Mr. Magazine, de origen libanés, director del Magazine Innovation Center -School of Journalism- es el Joseph Goebbels del papel. Espero que no se ofenda con la desafortunada comparación. Pienso con picardía que quizá tendría más clientes entre los fabricantes de papel que entre los editores. Los editores suelen creer que saben lo que se cuece bajo sus barbas, y no siempre es así.
Estamos sentados uno frente a otro a la vera del Museo del Prado una tarde fría, por fin invernal, él ante un tinto de la casa y yo ante lo que queda del agua carbonatada. Nos conocemos desde hace tres años, y nos vemos regularmente. La última vez nos pusimos al día en el FIPP, en Toronto, en la reunión mundial de editores, un congreso obcecado en mi opinión por amortizar audiencias y no por descubrir nuevas tendencias editoriales.

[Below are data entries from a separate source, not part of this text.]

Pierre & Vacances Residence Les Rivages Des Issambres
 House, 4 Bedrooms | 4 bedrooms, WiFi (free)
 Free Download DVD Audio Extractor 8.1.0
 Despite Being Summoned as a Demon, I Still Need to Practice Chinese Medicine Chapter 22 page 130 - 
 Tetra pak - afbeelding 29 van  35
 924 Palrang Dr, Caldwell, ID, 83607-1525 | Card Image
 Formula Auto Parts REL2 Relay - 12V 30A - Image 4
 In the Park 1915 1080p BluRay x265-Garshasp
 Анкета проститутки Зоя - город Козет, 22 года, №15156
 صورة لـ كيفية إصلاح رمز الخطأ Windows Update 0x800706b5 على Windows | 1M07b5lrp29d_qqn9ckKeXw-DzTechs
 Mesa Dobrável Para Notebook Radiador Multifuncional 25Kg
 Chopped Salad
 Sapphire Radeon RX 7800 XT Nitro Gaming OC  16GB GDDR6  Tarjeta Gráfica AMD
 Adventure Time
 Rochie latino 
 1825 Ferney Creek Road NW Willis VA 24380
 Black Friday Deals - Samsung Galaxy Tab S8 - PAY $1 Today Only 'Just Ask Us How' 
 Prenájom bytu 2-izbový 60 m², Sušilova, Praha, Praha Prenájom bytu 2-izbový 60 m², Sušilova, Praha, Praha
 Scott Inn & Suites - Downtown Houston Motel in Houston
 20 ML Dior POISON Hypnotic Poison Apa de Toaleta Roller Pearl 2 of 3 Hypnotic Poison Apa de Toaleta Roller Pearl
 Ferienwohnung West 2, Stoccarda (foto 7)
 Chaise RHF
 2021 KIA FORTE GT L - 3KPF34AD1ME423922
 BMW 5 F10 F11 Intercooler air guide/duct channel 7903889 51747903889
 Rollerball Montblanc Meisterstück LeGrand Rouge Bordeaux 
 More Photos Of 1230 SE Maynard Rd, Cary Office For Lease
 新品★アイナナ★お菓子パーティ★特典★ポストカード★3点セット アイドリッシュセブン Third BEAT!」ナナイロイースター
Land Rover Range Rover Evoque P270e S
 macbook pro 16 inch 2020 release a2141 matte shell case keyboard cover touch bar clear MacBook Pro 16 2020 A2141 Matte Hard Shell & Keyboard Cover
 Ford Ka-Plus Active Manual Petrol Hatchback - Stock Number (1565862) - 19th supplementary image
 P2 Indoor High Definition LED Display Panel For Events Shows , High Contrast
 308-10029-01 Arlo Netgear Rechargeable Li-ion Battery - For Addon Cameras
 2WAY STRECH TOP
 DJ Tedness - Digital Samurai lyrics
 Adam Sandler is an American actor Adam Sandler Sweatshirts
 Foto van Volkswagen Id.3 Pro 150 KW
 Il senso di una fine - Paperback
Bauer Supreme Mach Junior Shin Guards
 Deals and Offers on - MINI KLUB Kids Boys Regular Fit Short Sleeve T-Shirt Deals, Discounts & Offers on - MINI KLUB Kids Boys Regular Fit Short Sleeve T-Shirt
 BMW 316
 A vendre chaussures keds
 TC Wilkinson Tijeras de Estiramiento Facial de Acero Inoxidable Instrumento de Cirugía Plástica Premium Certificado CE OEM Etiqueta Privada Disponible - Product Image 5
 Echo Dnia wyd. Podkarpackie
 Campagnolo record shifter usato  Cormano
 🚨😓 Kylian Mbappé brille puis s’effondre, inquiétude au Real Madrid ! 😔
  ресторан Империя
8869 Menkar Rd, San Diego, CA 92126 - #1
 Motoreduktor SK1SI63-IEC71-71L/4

Samir Husni es coleccionista y me pide los primeros números de todas las revistas que edité. Colecciona lanzamientos -algún que otro fracaso-, y está organizando un museo. En su perfil de la manoseada Wikipedia dice que "cuando no está leyendo revistas, está en el quiosco comprando revistas”. Qué buen eslogan para un consultor. Husni es un tipo cachondo, que quiere que las revistas en ipad se dejen de llamar revistas, así que se me ocurre que podría montar una campaña en change.org. Dice que son otra cosa y yo le apunto que estoy de acuerdo en que no son revistas sino PDFs, mientras recuerda con cierta sorna, (pero no mucha, que los clientes son los clientes), que los presidentes norteamericanos de los grandes dinosaurios de la edición le vaticinaron que el iPad lo cambiaría todo. “En Nueva York ya nadie quiere un iPad para leer nada. Quieren el Pro porque sirve para dibujar. Pero ya nadie me habla de las tabletas como el salvador de los editores, nadie está ganando un duro con eso, solo Apple… El papel vuelve a ser el rey”.
Mr. Magazine defiende esta y otras teorías en un bitácora muy recomendable en la que recoge sus entrevistas por el mundo. También edita una revista anual con lo mejor de sus conversaciones que puedes conseguir si visitas su web. El próximo mes de abril en Memphis prepara ya su congreso anual. “Creo que una buena revista tiene que cumplir las reglas de las tres B, tiene que darte placer en Bed, Bathroom y Beach”. De acuerdo, Husni, completamente de acuerdo, a mí lo que me gusta es dejarlas caer de la cama. Escuchar cómo se despeñan. Y a la mañana siguiente, mientras me peleo con las legañas, pisarlas y recordar si el reportaje me pareció interesante y arrancar sus páginas para meterlas en algún libro o decidir si las condeno al exilio del reciclaje.